Thread: warm standby and reciprocating failover

warm standby and reciprocating failover

From

james bardin

Date:

24 August 2009, 13:45:59

I wasn't sure which list is better suited, so this is cross posted
from pgsql-admin.
-Thanks

On Fri, Aug 21, 2009 at 10:46 AM, james bardin<jbardin@bu.edu> wrote:
> I have a working warm standby system, running 8.4 (thanks for urging
> me to upgrade from the rehdat provided release).
> One of the new requirements is going to be for (a non-DBA) admin to
> easily swap services between the two servers for maintenance.
>
> The first move runs easily as expected- postgres ships the last
> partial wal immediately on shutdown, trigger the standby and we're up.
> I'm now running into issues bringing the first server back up in
> standby mode. After the second server finishes recovery, the major
> number of the wal files is incremented (say from  00000001 to
> 00000002), and the 00000002.history file is shipped back to the first
> server. The first server however is still looking for 00000001x files.
>
> Is there a way to ship back the missing information from the recovery
> process, without doing another base backup of data/ ?

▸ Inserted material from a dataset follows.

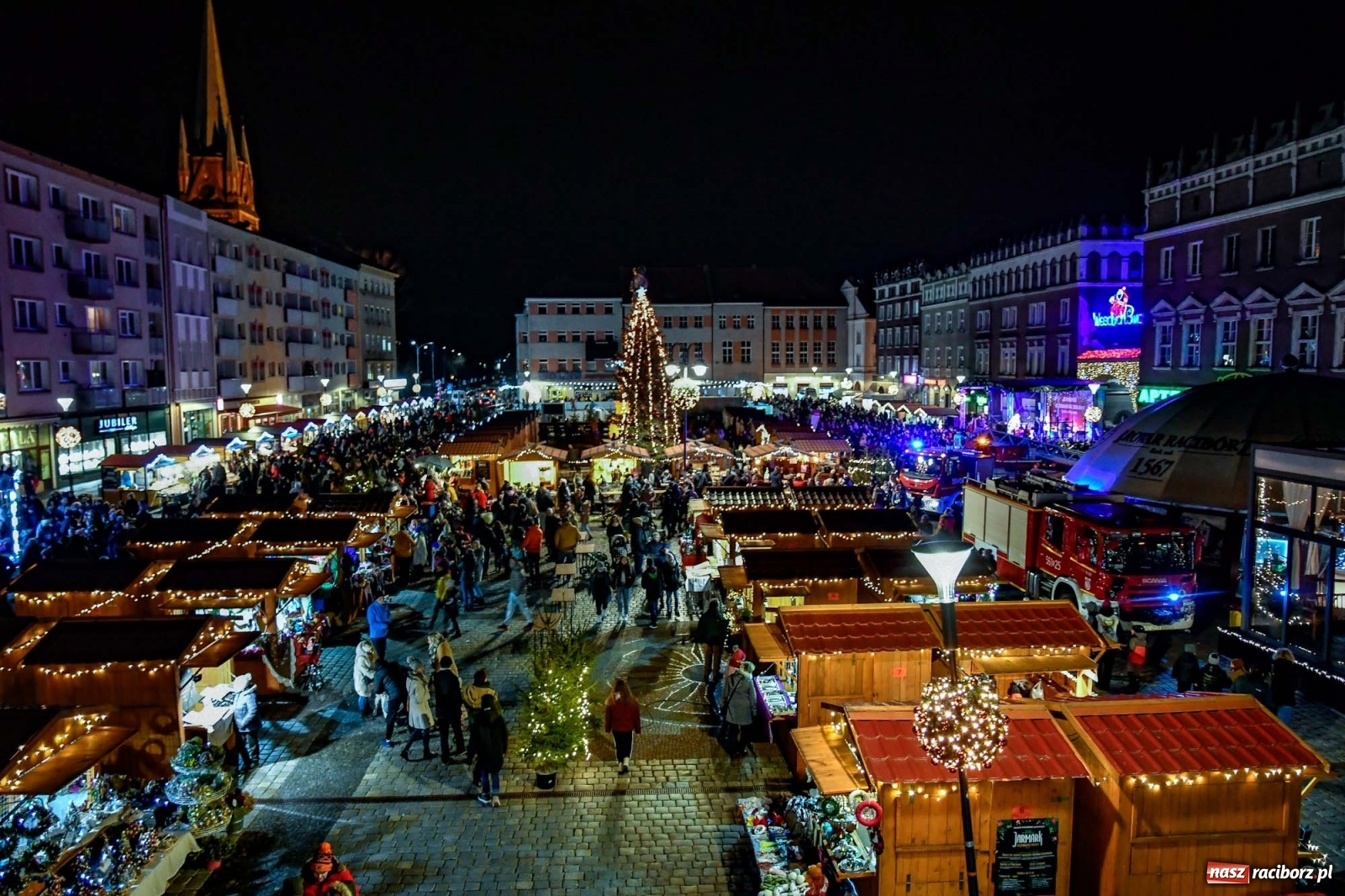 Zdjęcie w galerii na portalu naszraciborz.pl: Św. Mikołaj ze strażakami i rozświetlenie choinki w Raciborzu [WIDEO] wiadomości z regionu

On Mon, Aug 24, 2009 at 11:34 AM, james bardin<jbardin@bu.edu> wrote:
> So I've been experimenting with this timeline problem without any success.
> Is it possible that there are changes made during recovery that aren't logged?
>
>
> I tried recovery_target_timeline='X' on the standby, where X is the
> new timeline created after recovery on the new master. This fails,
> with some "unexpected timeline ID" lines and a
> PANIC:  could not locate a valid checkpoint record
>
> I also tried using recovery_target_timeline='latest'. This fell back
> gracefully to an earlier state, but changes were lost. Also, it never
> waited on pg_standby, and finished recovering immediately.
>
> Although it doesn't solve this problem, can pg_standby be used with
> recovery_target_timeline='latest', or should I file a bug?
>
> Thanks
> -jim

Re: warm standby and reciprocating failover

From

james bardin

Date:

25 August 2009, 13:59:00

On Mon, Aug 24, 2009 at 12:45 PM, james bardin<jbardin@bu.edu> wrote:
>>
>> I tried recovery_target_timeline='X' on the standby, where X is the
>> new timeline created after recovery on the new master. This fails,
>> with some "unexpected timeline ID" lines and a
>> PANIC:  could not locate a valid checkpoint record
>>
>> I also tried using recovery_target_timeline='latest'. This fell back
>> gracefully to an earlier state, but changes were lost. Also, it never
>> waited on pg_standby, and finished recovering immediately.


It seems that this is related the the issue in this bug report:
http://archives.postgresql.org/pgsql-bugs/2009-05/msg00060.php

The follow up is very long, and I couldn't formulate any workaround
for the issue.